Am 13. Januar 2018 flimmerte eine neue Folge der Krimiserie Friesland vom ZDF über den Bildschirm mit dem geheimnisvollen Titel: Der blaue Jan. Vorbild für das Drehbuch war der alte Brauch des Klaasohm, der auf der ostfriesischen Insel Borkum bis heute gefeiert wird.

Gehüllt in ein bizarres Federgewand, mit Schnabelmaske, Regenhut und spitzer Harpunenharke in der Hand, trieb der blaue Jan im TV-Film sein Unwesen und ließ das Team um den schrulligen Kommissar Brockhorst so richtig ins Schwitzen kommen. Nicht nur viele Zuschauer aus Niedersachsen haben sich nach dem Krimi die Frage gestellt, ob es diesen Brauch in der gezeigten Art und den blauen Jan tatsächlich gibt.

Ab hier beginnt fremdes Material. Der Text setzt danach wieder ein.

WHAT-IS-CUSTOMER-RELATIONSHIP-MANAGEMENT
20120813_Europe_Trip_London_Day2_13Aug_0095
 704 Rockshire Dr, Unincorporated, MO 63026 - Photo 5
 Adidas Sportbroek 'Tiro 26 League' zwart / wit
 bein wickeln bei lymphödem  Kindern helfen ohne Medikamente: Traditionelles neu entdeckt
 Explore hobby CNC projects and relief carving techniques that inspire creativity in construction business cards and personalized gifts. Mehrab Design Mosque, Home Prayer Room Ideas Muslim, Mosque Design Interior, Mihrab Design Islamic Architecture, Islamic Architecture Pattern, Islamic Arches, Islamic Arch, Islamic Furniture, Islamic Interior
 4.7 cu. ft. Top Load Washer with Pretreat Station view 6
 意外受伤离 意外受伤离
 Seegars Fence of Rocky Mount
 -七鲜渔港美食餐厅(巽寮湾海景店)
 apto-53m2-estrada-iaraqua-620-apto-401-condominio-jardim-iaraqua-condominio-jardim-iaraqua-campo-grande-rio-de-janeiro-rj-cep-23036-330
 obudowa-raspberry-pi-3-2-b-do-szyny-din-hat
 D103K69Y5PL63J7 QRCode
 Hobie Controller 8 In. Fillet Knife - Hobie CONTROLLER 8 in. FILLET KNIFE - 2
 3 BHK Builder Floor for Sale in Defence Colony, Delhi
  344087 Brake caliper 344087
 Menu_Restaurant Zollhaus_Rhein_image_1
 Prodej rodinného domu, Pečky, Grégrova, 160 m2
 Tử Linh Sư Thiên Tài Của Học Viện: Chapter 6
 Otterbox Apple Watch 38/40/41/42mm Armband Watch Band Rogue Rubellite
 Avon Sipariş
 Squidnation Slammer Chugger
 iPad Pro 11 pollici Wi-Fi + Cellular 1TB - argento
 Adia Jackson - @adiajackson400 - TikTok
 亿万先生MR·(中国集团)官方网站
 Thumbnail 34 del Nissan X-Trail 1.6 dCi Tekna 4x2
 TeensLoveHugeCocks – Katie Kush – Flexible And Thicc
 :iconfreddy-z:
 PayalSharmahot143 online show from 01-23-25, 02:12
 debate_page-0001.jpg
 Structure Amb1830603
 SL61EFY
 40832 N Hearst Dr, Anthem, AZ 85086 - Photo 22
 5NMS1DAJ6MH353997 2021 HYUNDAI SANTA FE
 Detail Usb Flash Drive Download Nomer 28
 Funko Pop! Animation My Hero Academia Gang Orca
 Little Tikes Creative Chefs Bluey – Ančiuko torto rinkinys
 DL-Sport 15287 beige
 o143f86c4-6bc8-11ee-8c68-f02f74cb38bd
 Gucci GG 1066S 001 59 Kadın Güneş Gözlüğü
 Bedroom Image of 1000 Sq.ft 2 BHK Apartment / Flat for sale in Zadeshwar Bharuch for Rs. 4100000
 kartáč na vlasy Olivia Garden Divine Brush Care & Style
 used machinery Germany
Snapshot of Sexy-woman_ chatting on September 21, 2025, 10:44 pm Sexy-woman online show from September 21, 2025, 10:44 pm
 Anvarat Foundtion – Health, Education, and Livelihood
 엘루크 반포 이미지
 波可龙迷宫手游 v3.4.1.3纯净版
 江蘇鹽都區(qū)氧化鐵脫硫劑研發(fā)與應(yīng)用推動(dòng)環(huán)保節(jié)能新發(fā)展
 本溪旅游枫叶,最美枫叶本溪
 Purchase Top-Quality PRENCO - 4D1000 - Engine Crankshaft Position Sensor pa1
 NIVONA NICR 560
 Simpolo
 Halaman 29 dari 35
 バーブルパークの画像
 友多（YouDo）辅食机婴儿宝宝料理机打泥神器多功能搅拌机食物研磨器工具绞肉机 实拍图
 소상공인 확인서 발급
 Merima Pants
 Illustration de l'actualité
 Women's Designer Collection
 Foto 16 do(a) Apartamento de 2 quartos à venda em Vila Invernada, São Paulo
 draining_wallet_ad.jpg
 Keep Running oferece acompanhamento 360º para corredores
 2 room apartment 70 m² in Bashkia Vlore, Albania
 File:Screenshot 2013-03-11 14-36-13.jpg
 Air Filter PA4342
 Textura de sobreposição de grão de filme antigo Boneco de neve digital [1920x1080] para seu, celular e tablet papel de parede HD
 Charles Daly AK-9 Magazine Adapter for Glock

Die Antwort lautet: Ja! Allerdings nicht im Spielort Leer, sondern auf Borkum. Und dort soll er gemäß der Insulaner bleiben, als reine Inseltradition. Daher wird auch keine Werbung für den Brauch, so wie z.B. für die Walpurgisnacht im Harz, gemacht.

Drehbuchautorin Sandra Lüpkes, die selbst auf der ostfriesischen Insel Juist aufgewachsen ist, hat den Klaasohm-Brauch der Insel Borkum aufgegriffen. Dabei hat sie zusammen mit Drehbuchautor Jürgen Kehrer gleich einen weiteren interessanten Aspekt von Brauchtum mit in den Film eingebunden: Den Umgang mit alten Traditionen, z.B. durch die touristische Vermarktung.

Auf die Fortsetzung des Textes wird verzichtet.